The Michigan Department of Corrections does not get to pay reduced attorney fees to volunteer lawyers who represented two freelance journalists in a freedom of information case. The Michigan Supreme Court issued that decision Wednesday in a 5-2 vote.
In this case, the two journalists were seeking security camera video of an altercation where inmate Dustin Szot was killed. The case was extensively litigated and the Michigan Department of Corrections released a video with the participants’ faces digitally obscured.
The Honigman law firm billed the state based on their attorneys’ typical fee schedule. The corrections department balked and said the fact that the attorneys were acting pro bono should reduce the costs.
The Supreme Court majority held the fact that attorneys are acting pro bono should not help determine how much the losing party pays in attorney costs.
“When an attorney agrees to represent a client pro bono, the pro bono nature of the representation should not have any effect on the quality of representation provided or the time spent on the case,” read the opinion written by Justice Kyra Bolden and signed by Chief Justice Elizabeth Clement as well as Justices Richard Bernstein, Megan Cavanagh and Elizabeth Welch. “Therefore, we conclude that whether a client is represented pro bono is never a valid consideration when calculating a reasonable fee award.”
The decision was good news to Marla Linderman Richelew with the Michigan Association for Justice, which filed an amicus brief in the case. She said the decision encourages government agencies to comply with freedom of information laws – and it allows attorneys to do more pro bono work.
“Because they did good and something like this happens, they can do more good,” she told Michigan Public Radio. She said it will also help ensure law firms assign attorneys with appropriate experience to work on the most complicated cases.
Justices Brian Zahra and David Viviano held a different view.
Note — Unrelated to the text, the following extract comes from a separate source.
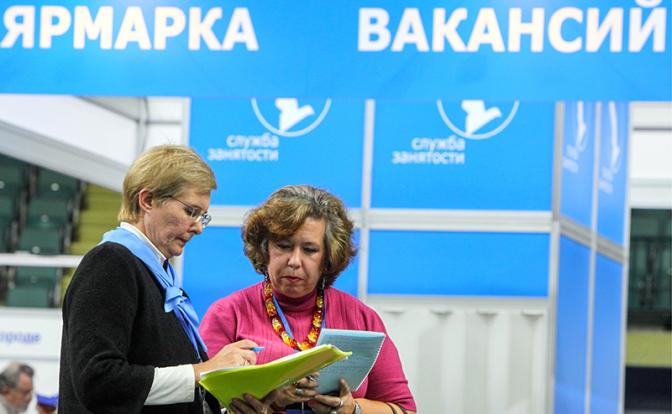 На фото: посетители общегородской "Ярмарки вакансий" в Ледовом дворце в Санкт-Петербурге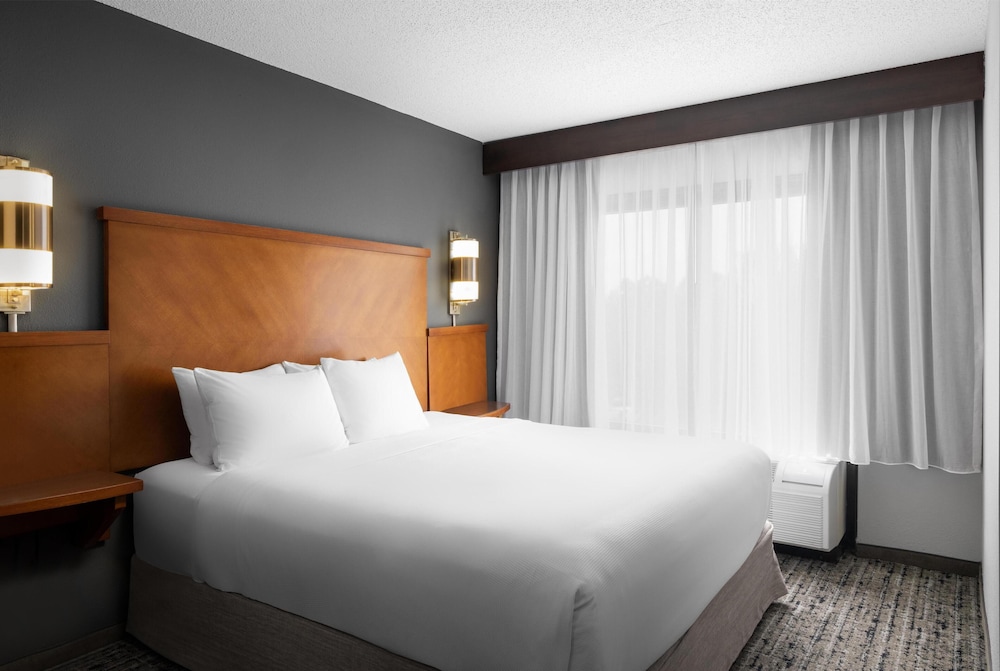 Hyatt Place Utica — Hotel rooms in Utica, Michigan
Their dissenting opinion said pro bono work is taken on with the expectation of reduced or no fees.
“The Court’s holding today blurs the line between ‘pro bono’ work and work performed for a contingency fee,” reads their dissent. “This also creates a strong, and seemingly perverse, incentive for lawyers and law firms to focus their pro bono activities in areas where they can expect to recover attorney fees rather than in the many diverse areas of the law where pro bono services are desperately needed.”